This Function is used to register a game session and store relevant metadata. Data is stored into Cosmos DB as well as two CSV files in Data Lake Store. On the first file, we store details about each unique game session. The filename is '/YEAR/MONTH/DAY/gamesessions.csv' whereas the data that's being appended to it has the format:

const line = `${gameDocument.gameSessionID},${gameDocument.type},${gameDocument.map},${gameDocument.startDate}\n`;

The second file is '/YEAR/MONTH/DAY/playerspergamesession.csv'. On this file, we store data about each player that will participate in the current game session. Data has the format:

const line = `${gameDocument.gameSessionID},${player.playerID},${player.playerCountry}\n`;

dataingesthot

This Function is triggered by Event Hub. It fetches messages in batch, stores an aggregation on Cosmos DB, like this:

{
    "gameSessionID": "2018-6-4_d2702447-b14d-42ee-849e-04fb3e5ee387",
    "type": "type3",
    "map": "map7",
    "startDate": "2018-06-04T08:17:19.980Z",
    "documenttype": "metadata",
    "players": [
        {
            "playerID": "player_8zjM3",
            "playerCountry": "ESP"
        },
        {
            "playerID": "player_iI1jV",
            "playerCountry": "UK"
        },
        {
            "playerID": "player_c4s68",
            "playerCountry": "UK"
        },
        {
            "playerID": "player_Y39XX",
            "playerCountry": "FR"
        },
        {
            "playerID": "player_moZH9",
            "playerCountry": "ESP"
        },
        {
            "playerID": "player_f5eq6",
            "playerCountry": "ESP"
        },
        {
            "playerID": "player_NIXcA",
            "playerCountry": "FR"
        },
        {
            "playerID": "player_AyMtm",
            "playerCountry": "FR"
        }
    ],
    "id": "49397a1f-d55c-edf6-f48f-8afce816efbe",
    "_rid": "oN5oALJEJwAHAAAAAAAAAA==",
    "_self": "dbs/oN5oAA==/colls/oN5oALJEJwA=/docs/oN5oALJEJwAHAAAAAAAAAA==/",
    "_etag": "\"0000892b-0000-0000-0000-5b1576bf0000\"",
    "_attachments": "attachments/",
    "_ts": 1528133311
}

Moreover, this Function stores a copy of the batched messages on Blob Storage, on the container cold eventbatches.

dataingestcold

This Function is triggered by Blob Storage. It fetches the batched messages and appends their data to Data Lake Store. Filename is '/YEAR/MONTH/DAY/gameevents.csv' and data is appended in CSV format, with each line containing having the following format:

const line = `${message.eventID},${message.gameSessionID},${message.winnerID},${message.loserID},${message.special},${message.eventDate}\n`;

statistics

This Function is an HTTP triggered one. It accepts the gameSessionID as an argument and returns details (players, wins, losses, etc.) about the specific gameSession by connecting to Cosmos DB and fetching/aggregating the relevant documents.

FAQ

Is this the best architecture / solution?
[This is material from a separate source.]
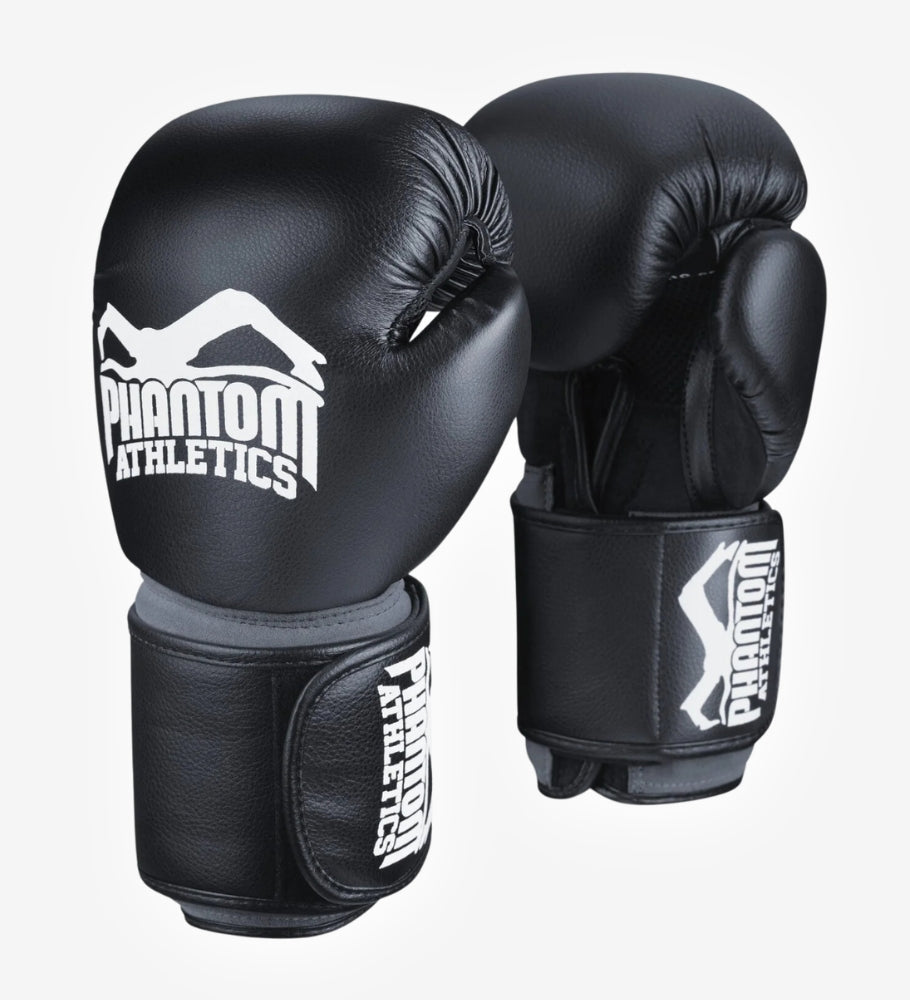 Phantom Athletics Boxhandschuhe Elite ATF - Schwarz/Weiss - The Fight Company Deutschland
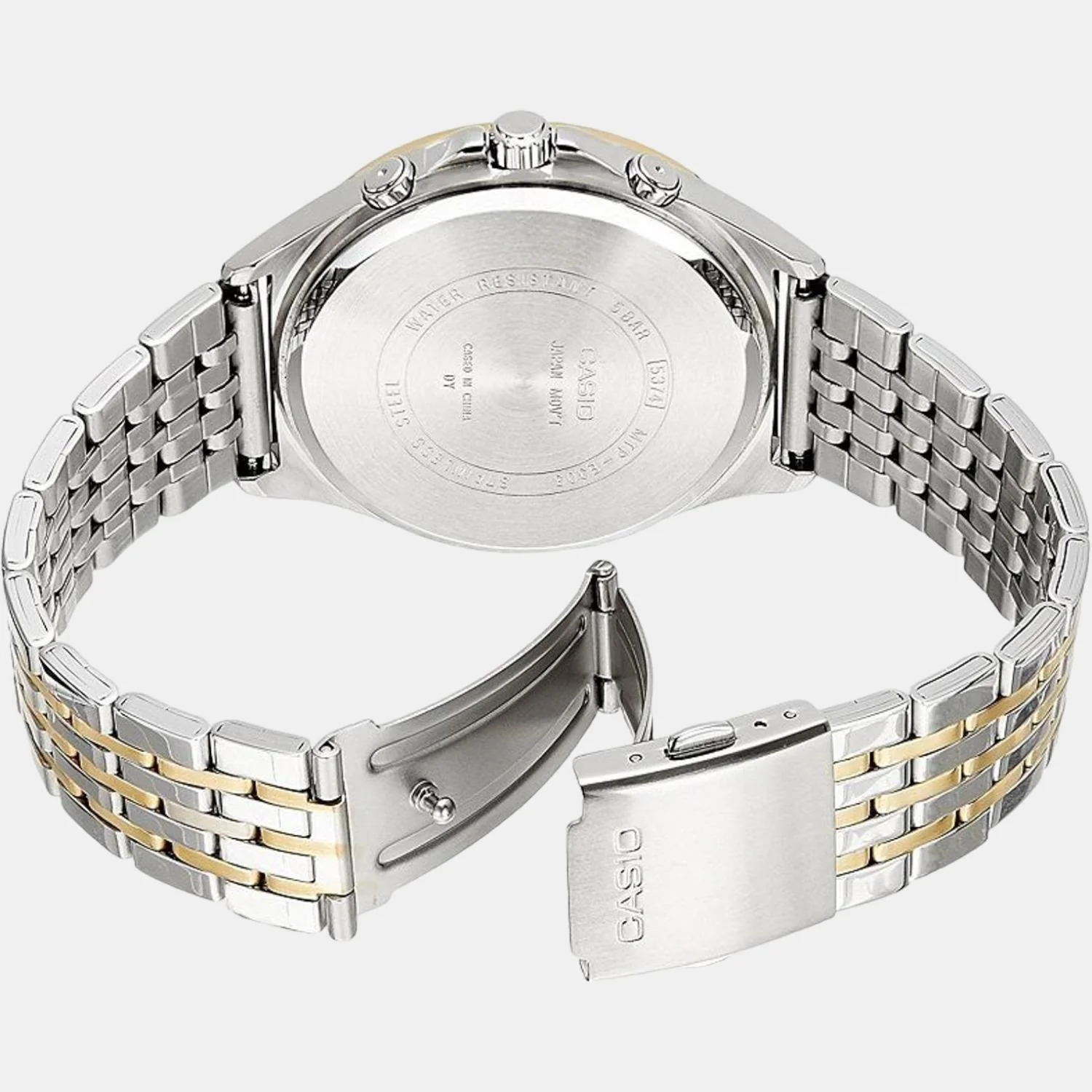 Enticer Men Quartz White Dial Chronograph Stainless Steel Watch A960 - Image 3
Of course not. It always depends on your requirements. For example, you could swap Event Hubs with Kafka, Functions with Stream Analytics, Data Lake Analytics with Databricks or HDInsight. This is one implementation of a data streaming and processing pipeline, it can certainly work well and scale, however you are encouraged to modify parts of this solution towards your objectives. For an overview of Data architectures on Azure, check here.

Are messages meant to be sent from the game client or server?

It depends. Clients can hack (especially on PC) the messages and send malicious data to your Event Hubs. You wouldn't want to have users cheat on their ranking, right? The best approach would be to have the game server send the important messages (e.g. user1 killed user2) whereas game clients can send less important messages, like behavioral ones (e.g. in an adventure game, user's response to the question was the second one or it took 2' for the user to solve this puzzle or reach the goal).

How can I modify the communication between Event Hubs and Azure Functions?

You should check the parameters listed here. Moreover, you are encouraged to read here regading Functions' scaling when using the Event Hubs trigger. Finally, check here for performance best practices for Azure Functions.

Are you doing anything specific to optimize parallel data ingestion into Data Lake Store?

Yes, we are using the ConcurrentAppend method of the Data Lake Store API, check here for details. For more information on how to fine-tune Azure Data Lake for performance, check here.

I want to read more information regarding Event Hubs.

Check out the excellent documentation here. For techniques on how to optimize event ingestion and consumption, check here. For in order event processing with Event Hubs and Azure Functions check here whereas you can check here for reliable event processing. For a comprehensive article that compares Event Hubs to other Azure messaging services, check here.

Can the blob retrieval from the dataingestcold Function be any faster?

Yes, you could use Event Grid trigger instead of Blob Storage trigger.